Romanın ilerleyen bölümlerinde ahlakından ve eğitiminden şüphe etmediği ve çok güvendiği oğlu Şevket, evli bir kadın olan Ferhunde ile ilişki yaşayacak ve Ali Rıza Bey’i büyük bir hayal kırıklığına uğratacaktır. Bir felaketi tamir etmek gerekçesiyle Şevket’in evliliğine razı olan Ali Rıza Bey, kendisini bekleyen daha büyük felaketten habersizdir.

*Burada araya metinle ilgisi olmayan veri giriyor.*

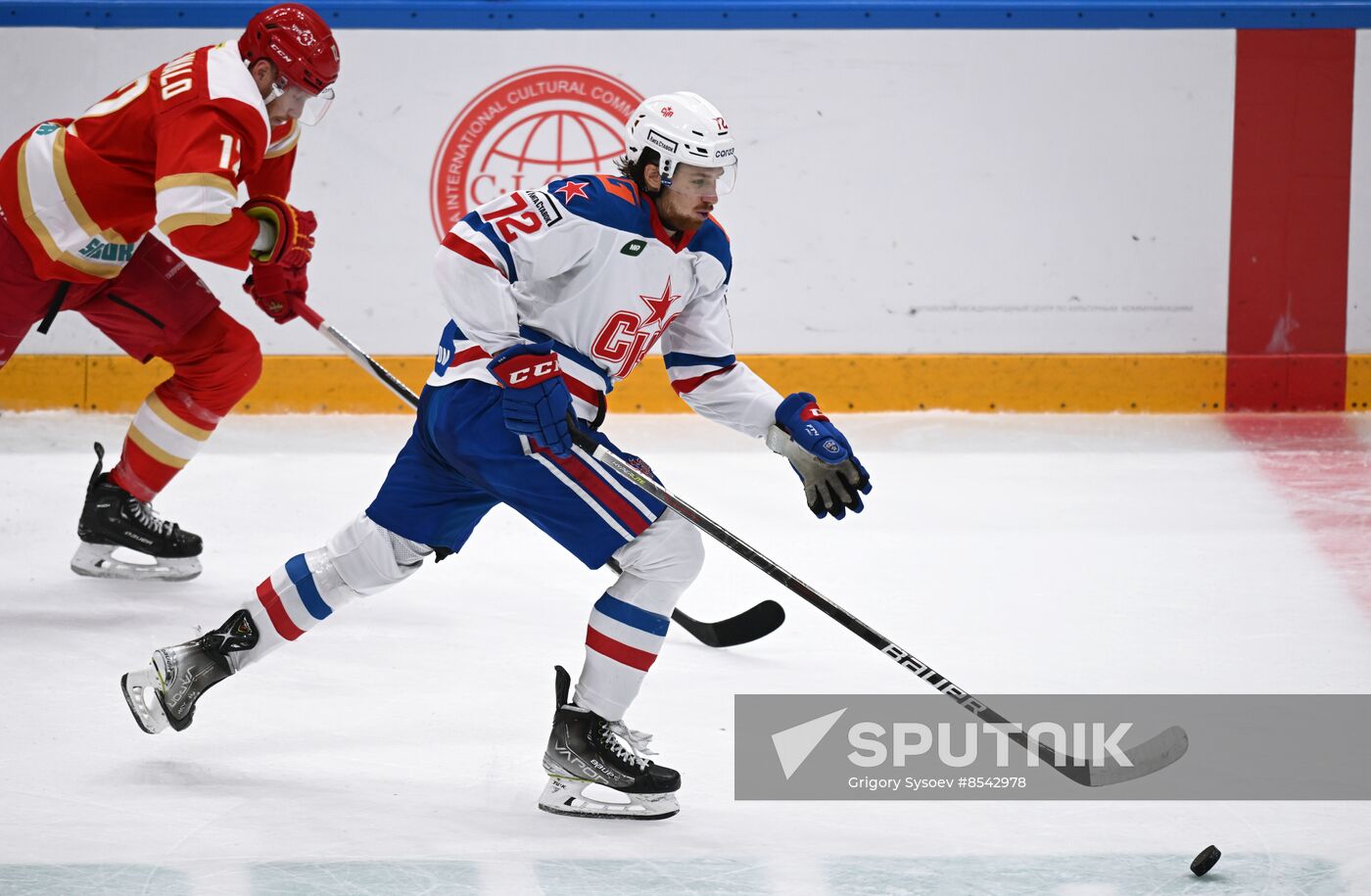 Russia Ice Hockey Kontinental League Kunlun RS - SKA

İşinden istifa eden Ali Rıza Bey, yoksulluğun getirmiş olduğu itibarsızlıkla tanışır. Daha önce aile reisi olarak saygı gördüğü ve sözünün dinlenildiği evde tüm hakimiyetini ve otoritesini kaybeder, karısı ve çocuklarından artık saygı görmez. Çocuklarını dış dünyaya kapalı bir şekilde yetiştirerek onları koruduğunu, namuslu ve ahlaklı bir şekilde yetiştirdiğini düşünen Ali Rıza Bey, gerçeklerle yüzleşir. Ali Rıza Bey’in geleneksel yaşama katı bir şekilde bağlı oluşu, çocuklarının ise ”batılı yaşam tarzına’’ olan ilgisi aile içinde büyük bir çatışma yaratır.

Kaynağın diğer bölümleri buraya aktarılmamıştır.